● **INSTRUCTIONS TO FOLLOW**:
Return each line of the material below exactly. Begin at the first and end on the line with "Цял живот човек тича".

● **WORKING DATA**:
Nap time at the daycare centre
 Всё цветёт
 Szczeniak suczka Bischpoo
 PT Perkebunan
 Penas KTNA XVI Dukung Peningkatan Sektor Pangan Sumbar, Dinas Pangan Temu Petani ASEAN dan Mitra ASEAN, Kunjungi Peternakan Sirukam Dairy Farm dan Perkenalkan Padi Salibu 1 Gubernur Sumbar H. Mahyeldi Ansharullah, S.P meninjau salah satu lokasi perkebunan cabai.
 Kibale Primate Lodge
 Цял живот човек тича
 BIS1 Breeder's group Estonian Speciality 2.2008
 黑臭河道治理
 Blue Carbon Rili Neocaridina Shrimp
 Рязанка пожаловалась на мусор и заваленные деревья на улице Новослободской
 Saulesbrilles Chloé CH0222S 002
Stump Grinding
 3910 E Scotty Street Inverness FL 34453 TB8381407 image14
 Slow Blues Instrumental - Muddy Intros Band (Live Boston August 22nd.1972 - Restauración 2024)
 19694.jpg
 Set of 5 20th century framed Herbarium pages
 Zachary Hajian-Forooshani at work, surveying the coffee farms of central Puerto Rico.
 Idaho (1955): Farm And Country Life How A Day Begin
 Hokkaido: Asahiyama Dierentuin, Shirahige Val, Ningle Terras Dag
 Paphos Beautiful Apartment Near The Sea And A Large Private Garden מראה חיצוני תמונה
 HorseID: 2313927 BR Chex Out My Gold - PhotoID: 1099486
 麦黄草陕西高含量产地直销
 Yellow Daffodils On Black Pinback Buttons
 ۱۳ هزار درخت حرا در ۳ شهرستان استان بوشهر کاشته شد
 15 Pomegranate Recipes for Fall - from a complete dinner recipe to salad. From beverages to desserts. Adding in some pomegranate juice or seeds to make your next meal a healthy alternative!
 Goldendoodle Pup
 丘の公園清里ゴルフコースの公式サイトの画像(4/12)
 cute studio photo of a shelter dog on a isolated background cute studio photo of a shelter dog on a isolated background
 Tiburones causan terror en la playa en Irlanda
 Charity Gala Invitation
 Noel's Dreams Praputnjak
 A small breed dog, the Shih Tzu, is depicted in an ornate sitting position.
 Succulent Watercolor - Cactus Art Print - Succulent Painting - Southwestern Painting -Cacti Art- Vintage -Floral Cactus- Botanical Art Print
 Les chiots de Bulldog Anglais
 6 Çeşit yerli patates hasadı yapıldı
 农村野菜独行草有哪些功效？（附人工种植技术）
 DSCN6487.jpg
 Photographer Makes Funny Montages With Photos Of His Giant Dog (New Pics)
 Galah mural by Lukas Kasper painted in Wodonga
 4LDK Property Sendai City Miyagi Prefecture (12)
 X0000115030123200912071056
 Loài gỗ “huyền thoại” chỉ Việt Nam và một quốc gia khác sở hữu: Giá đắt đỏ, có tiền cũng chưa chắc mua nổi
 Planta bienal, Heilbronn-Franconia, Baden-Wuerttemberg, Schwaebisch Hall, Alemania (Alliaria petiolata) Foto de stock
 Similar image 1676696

● **OUTPUT OF THE EXERCISE**:
Nap time at the daycare centre
 Всё цветёт
 Szczeniak suczka Bischpoo
 PT Perkebunan
 Penas KTNA XVI Dukung Peningkatan Sektor Pangan Sumbar, Dinas Pangan Temu Petani ASEAN dan Mitra ASEAN, Kunjungi Peternakan Sirukam Dairy Farm dan Perkenalkan Padi Salibu 1 Gubernur Sumbar H. Mahyeldi Ansharullah, S.P meninjau salah satu lokasi perkebunan cabai.
 Kibale Primate Lodge
 Цял живот човек тича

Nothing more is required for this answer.